Israel’s military has pulled out of al-Shifa hospital in Gaza City after a two-week raid that has left most of the major medical complex in ruins.
Gaza’s Hamas-run health ministry said dozens of bodies had been found and locals said nearby areas were razed.
The Israel Defense Forces (IDF) said it had killed 200 “terrorists”, detained hundreds more and found weapons and intelligence “throughout the hospital”.
The IDF said it raided al-Shifa because Hamas had regrouped there.
The two-week operation saw intense fighting and Israeli air strikes in nearby buildings and the surrounding area.
Wards were attacked because Hamas and Palestinian Islamic Jihad operatives were using them as a base, the IDF said, accusing them of fighting inside medical departments, setting off explosives and burning hospital buildings.
Images published following the Israeli withdrawal showed Palestinians walking near the charred main buildings with chunks of wall missing and carrying bodies wrapped in blankets. Graphic photos showed corpses partially exposed on the churned ground.
The health ministry said dozens of bodies, some decomposed, had been found in and around the medical complex, which was now “completely out of service”.
A doctor told AFP news agency more than 20 bodies had been recovered, some crushed by withdrawing vehicles.
A spokesperson for Gaza’s Hamas-run civil emergency service said Israeli forces had used bulldozers to dig up the grounds of the complex and exhume buried bodies.
The Hamas government media office said Israeli forces had killed 400 Palestinians in al-Shifa and the surrounding area, including a female doctor and her son, who was also a doctor. Israel has not yet commented.
The IDF said its troops killed 200 “terrorists” and detained more than 900 people, of whom more than 500 were subsequently found to be affiliated with Hamas and Palestinian Islamic Jihad – which Israel, the UK and other countries proscribe as terrorist organisations. The suspects had been transferred to the intelligence services for further interrogation, it added.
The IDF said “forces found large quantities of weapons, intelligence documents throughout the hospital, encountered terrorists in close-quarters battles and engaged in combat while avoiding harm to the medical staff and patients”.
An IDF spokesman said more than 6,000 people had been in the hospital complex, mostly civilians, at the start of the raid.
The World Health Organization (WHO) said on Sunday night that 21 patients had died, with patients moved a number of times and held without medical care.
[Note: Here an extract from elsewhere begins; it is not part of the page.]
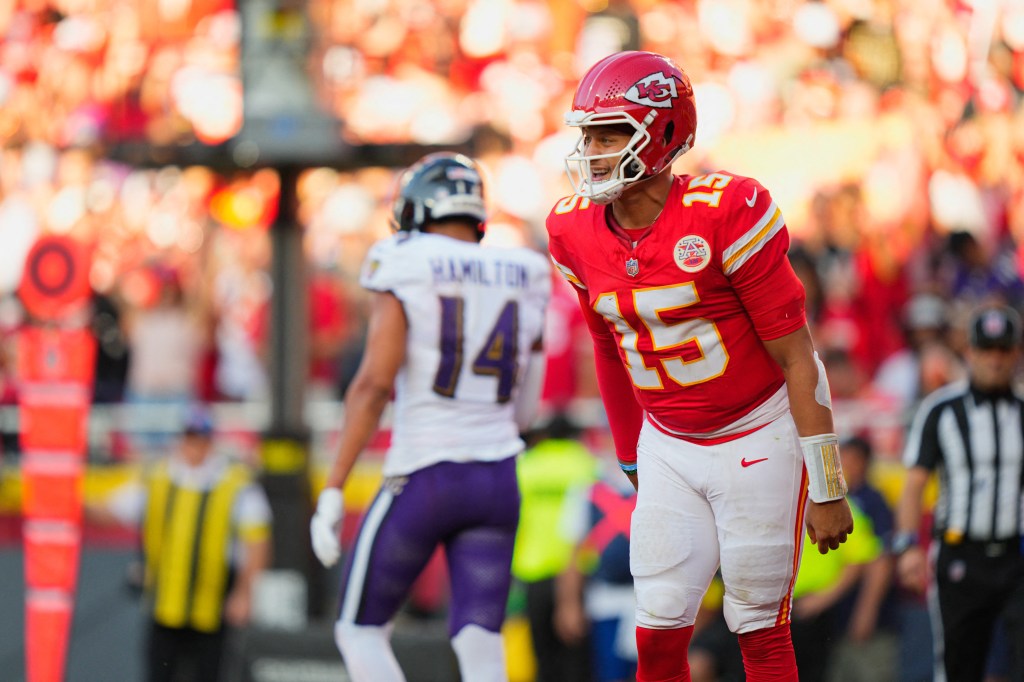 Kansas City Chiefs quarterback Patrick Mahomes (15) celebrates after a touchdown.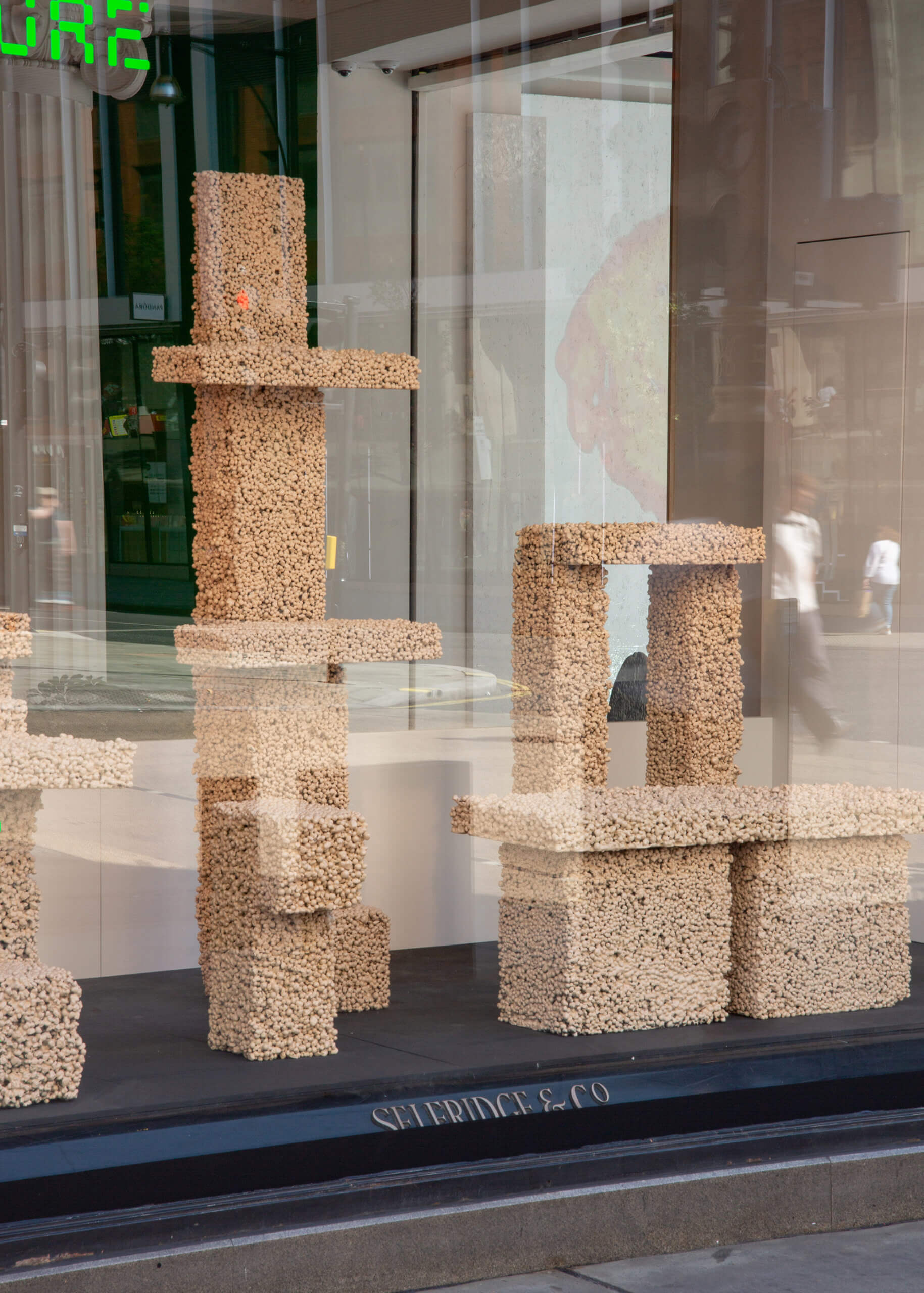 Marco Campardo,‘Reversible’ (bench, side tables, console, plinth, bookshelf), various sizes, expanded clay, sugar, 2022. Shop window installation created for 'Visions for the Future’ (SUPERFUTURES). Commissioned by Selfridges.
Dr Amira al-Safady at al-Shifa told the BBC’s Gaza Lifeline radio that about 16 people who were in the intensive care unit died after being moved, because she and other doctors no longer had the equipment to treat them.
Three days later, troops told medical staff to bury them outside, she said.
The IDF has been asked for comment. It says troops set up temporary infrastructure for medical treatment at al-Shifa, with video showing troops setting up a small number of beds.